Förderung von Kreativität

Bei der Erstellung der Werbung für den Extrachor wurde mir viel Freiraum zugesprochen. Ich durfte meine Ideen immer eigenständig umsetzen. Auch wenn ich sie zwischenzeitlich über Bord warf und andere Möglichkeiten der Realisierung in Augenschein nahm, wurde dies immer wieder durch meine Kolleginnen und Kollegen unterstützt. In meinem kreativen Prozess wurde ich wertgeschätzt und gefördert. Dies ist, denke ich, die wichtigste Erkenntnis und zugleich die wichtigste Erfahrung während meines Praktikums: Es ist nicht nur von großer Bedeutung, Menschen in ihrem Schaffen zu beobachten und in die Vielfalt des Theaters zu schnuppern, ebenso wichtig ist es, sich selbst ausprobieren zu dürfen und damit die Möglichkeit zu erhalten, erste kreative Prozesse anzuregen oder weiterzuentwickeln. Sei es im video- und fotografischen Bereich oder in der Erstellung und Bearbeitung von Texten.

Jedoch ist die Arbeit im Theater keineswegs leicht – es ist wichtig, flexibel auf Veränderungen oder spontane Einfälle eingehen zu können. Besonders das russische Stück „Eugen Onegin“ sorgte während meines Praktikums für Kontroversen. Aufgrund des derzeitigen Angriffskriegs Putins auf die Ukraine gab es auf den sozialen Medien Menschen, die nicht verstehen konnten, wieso wir noch russische Stücke spielen wollen. Das Theater entschied sich jedoch bewusst dafür und wir in der Öffentlichkeitsarbeit trugen diese Entscheidung nach außen.

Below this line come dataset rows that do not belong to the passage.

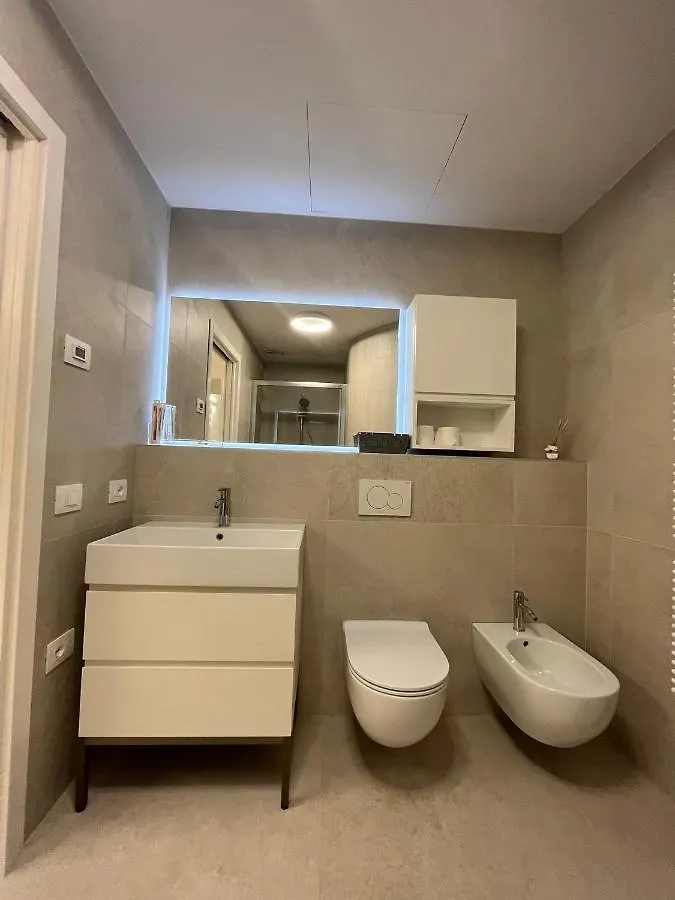 Immobiliare Nk Palazzo Bonvicini Lägenhet Venedig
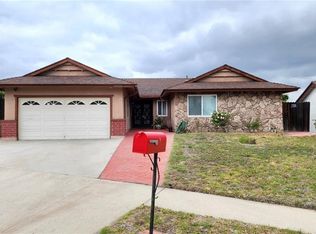 19346 Andrada Dr, La Puente, CA 91748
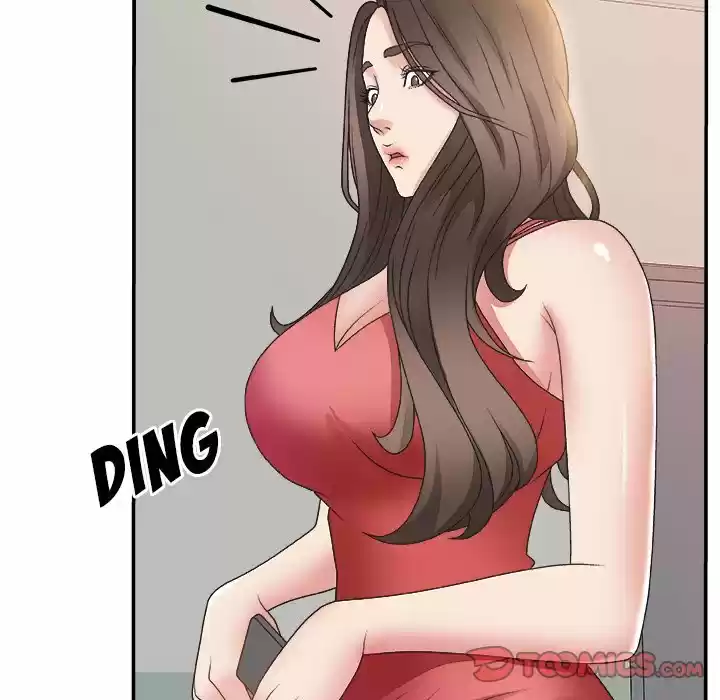 MISS ANNOUNCER - Capítulo 6 - Página 67 - LectorTMOo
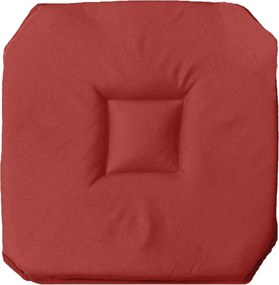 Възглавница за стол 40x40 cm Essentiel – douceur d'intérieur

Das Profil des Stadttheaters in Gießen zeichnet sich insbesondere durch seine Sparten und der Tatsache aus, dass nicht nur „alte“ und hundertfach gesehene Stücke wie Faust, Romeo und Julia oder dergleichen gespielt werden. Im Gegenteil: Simone Sterr ist es wichtig, junge Künstlerinnen und Künstler zu fördern und somit insbesondere neue Stücke zu spielen oder alte zu interpretieren. So geschah es bei Xerxes: Die Oper erhielt in dieser Spielzeit einen neuen Look.

Mein Fazit

Summa Summarum kann ich das Praktikum im Stadttheater Gießen nur wärmstens weiterempfehlen! Das gilt sowohl denjenigen, die schon ganz genau wissen, dass sie kulturell künstlerisch arbeiten wollen, als auch denjenigen, die noch zweifeln oder vielleicht sogar noch gar keine genaue Richtung für ihre weitere Zukunft sehen.